Public Affairs

Between rocks and hard places

Ireland was once two islands and the Mourne mountains were as hot as California’s Death Valley, a new book outlines.

Ireland has a complicated and intriguing geological history but many do not know the details of how the country actually evolved.

While many of the facts, documented in a new book ‘Between Rocks and Hard Places’, are fascinating, author Paul Lyle says geology has a habit of “selling itself short” when it comes to communicating value and relevance.

However, he notes that the growing popularity of scientific television programmes means more people are now interested in the subject and have a “desire to learn more about what is under their feet”.

Lyle, an academic who has researched the origins of the Antrim basalts, comments that Ireland is the envy of many around the globe as “it is possible for anyone here to easily see and examine rocks across almost the entire range of geological time”.

The book, which includes contributions from the Geological Survey of Northern Ireland team, brings together information from scientific, historical, archaeological and mythical sources.
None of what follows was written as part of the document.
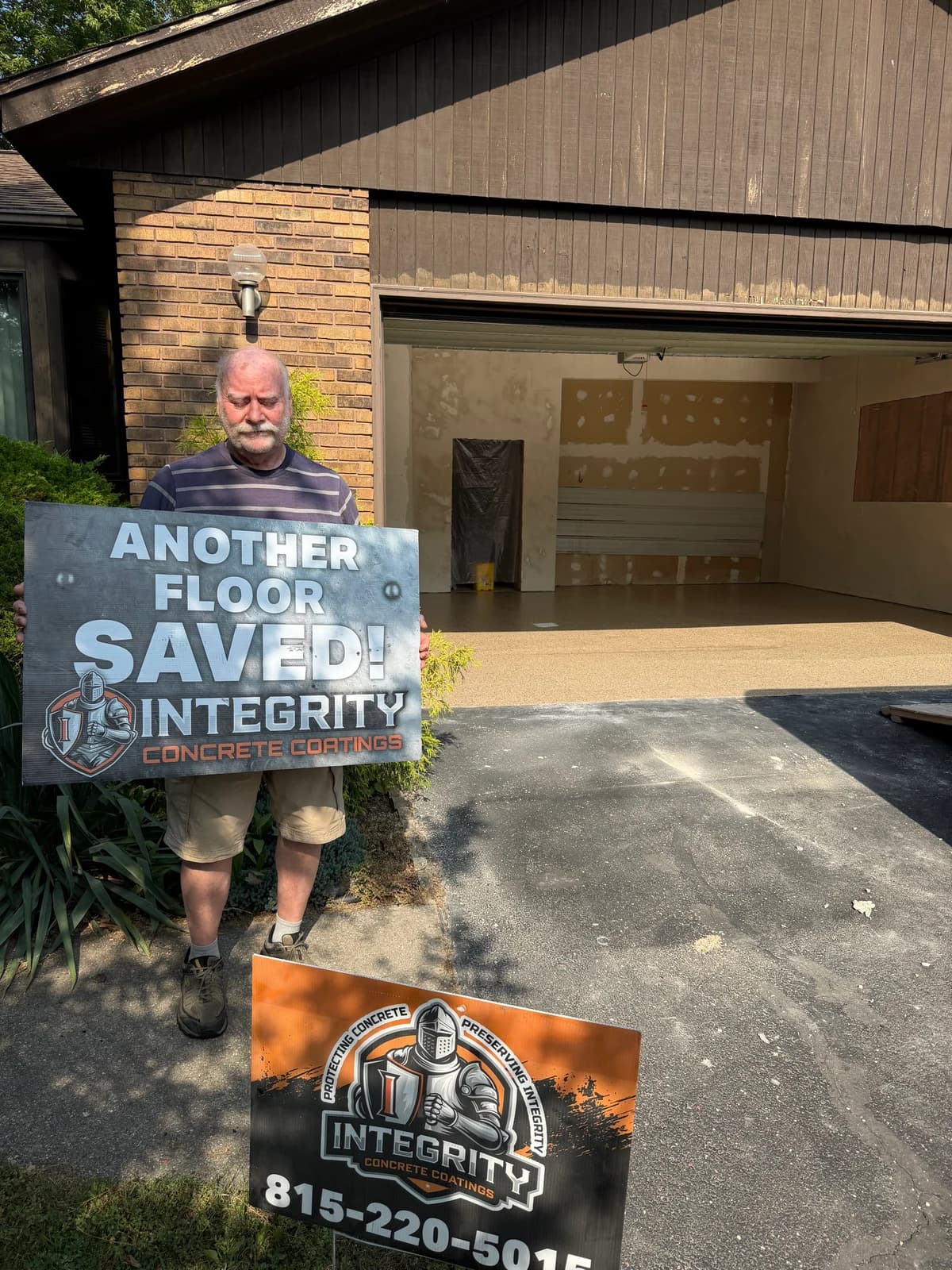 Customer with an Another Floor Saved sign in front of a garage during a coating installation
One of the most interesting stories it reveals is how the island, as we know it, was formed as recently as 400 million years ago when movements in the Earth’s mantle moved continental plates, resulting in the closure of an ancient ocean and the fusing of two separate landmasses.

There is evidence that around 60 million years ago County Antrim would have resembled the volcanic landscape of present day Iceland.

County Down may not have been quite as blustery 400 million years ago. The book claims that ripple marks and mud cracks preserved in sandstone at Scrabo show that lakes and rivers were once located there but dried up because of extremely hot desert conditions. Lyle says the

environment in Northern Ireland some 250 million years ago was very similar to present-day Death Valley in California.

Local rocks also indicate that Ireland started out on the opposite side of the globe somewhere in the Pacific Ocean, east of Australia.

One of the landmarks Lyle is most interested in is Belfast’s Albert Clock. The lean of the clock is due to infamous ‘Belfast sleech’ a thick, dark, foul- smelling marine mud containing fossils such as oysters, mussels and snails. It has poor weight-bearing properties and anything built on it needs to be heavily strengthened.

Landscapes play an “important part” in helping people form identities and understand why life and culture exist in the form they do, comments Lyle. He hopes his work will “help people understand familiar places better and encourage them to explore new ones”.